Barry adds: 'Bolton took issue with Annan's description of the United Nations as 'the sole source of legitimacy on the use of force''. According to Barry, in Bolton's view, Annan had put his own legitimacy at risk by expressing his concern about the NATO bombing campaign over the former Yugoslavia.

'When visiting the war zone, Annan said: 'Unless the Security Council is restored to its pre-eminent position as the sole source of legitimacy on the use of force, we are on a dangerous path to anarchy'.'  However, the man at the helm of the AU's massaging of the egos of power-grabbers, Mbeki, shall be judged by his actions. Having preached African Renaissance and that something new always comes out of Africa -- possibly to include power grabbing --Mbeki is trapped by his engagements with Africa's emperors who do not want to quit power willingly.

During a question and answer session, Mbeki was asked whether bad leadership that bogs Africa down was about to come to an end, to which the then South African deputy president replied: 'I think there are better possibilities now to ensure that we don't have the images of some of the kind of leaders we had in the past, who progressed from being a master sergeant in charge of a platoon and ended up proclaiming themselves emperors. I think that time has passed'.

The April 9, 1998, United Nations University, Japan-speech had Mbeki reiterate: '...we come back to the point that, we, who are our liberators from imperial domination,' he went on, 'cannot but be confident that our project to ensure the restoration not of empires, but the other conditions in the 16th century described by Leo Africanus: of peace, stability, prosperity, and intellectual creativity, will and must succeed!'

Well past the cold war era, in the place of democracy are emerging emperors, yet Mbeki, in that speech reasoned that Africa was pinned on the ground by cold war-leaning leadership. 'Some things are no longer permissible. I think we have the situation in which we live in the post-cold war world. And you know the instances on the African continent when people who were bad for Africa were maintained in power by various powers because they were useful in the context of that cold war contest'.

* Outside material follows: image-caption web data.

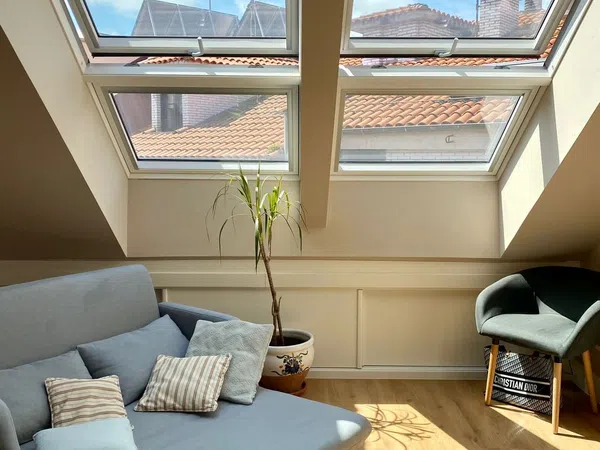 Ático en Calle Marqués de Casa Valdés, 4, Centro - San Lorenzo - Foto 28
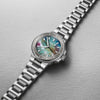 Oris Aquis Date Upcycle 36.5MM Multicolored Dial Watch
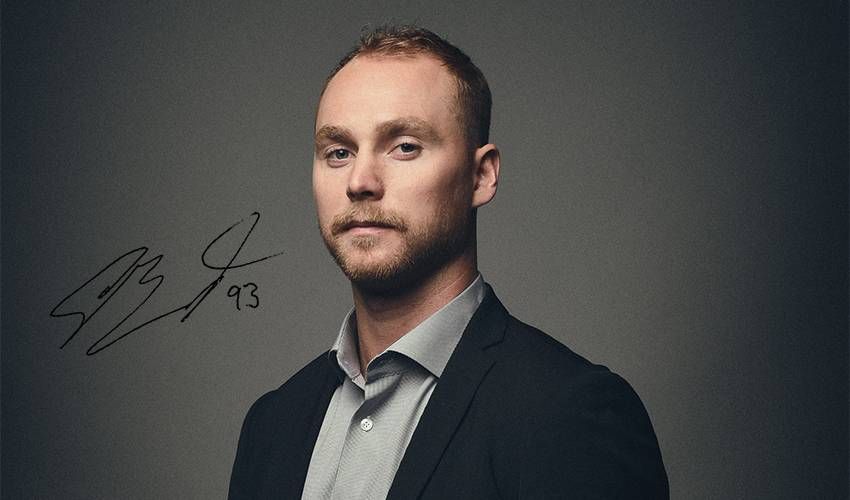 Player Q&A | Sam Bennett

Mbeki promised that Africa's Renaissance 'has come, is fundamental to the very conceptualisation of this Renaissance and the answer to the question: 'Whence this confidence?''  

Much as Africa is still infested with the Kibakis, Mugabes, Musevenis, Gbagbos, Zenawis, Kagames and the ilk abusing power in any shape and form, there is no confidence in Africa's rebirth whatsoever.

Poses Mbeki: 'Unless we are able to ask the question 'Who we were?' we will not be able to answer the question 'What shall we be?''

Well, Africa's 4Ds---disaster, disease, destruction and death --- shall remain.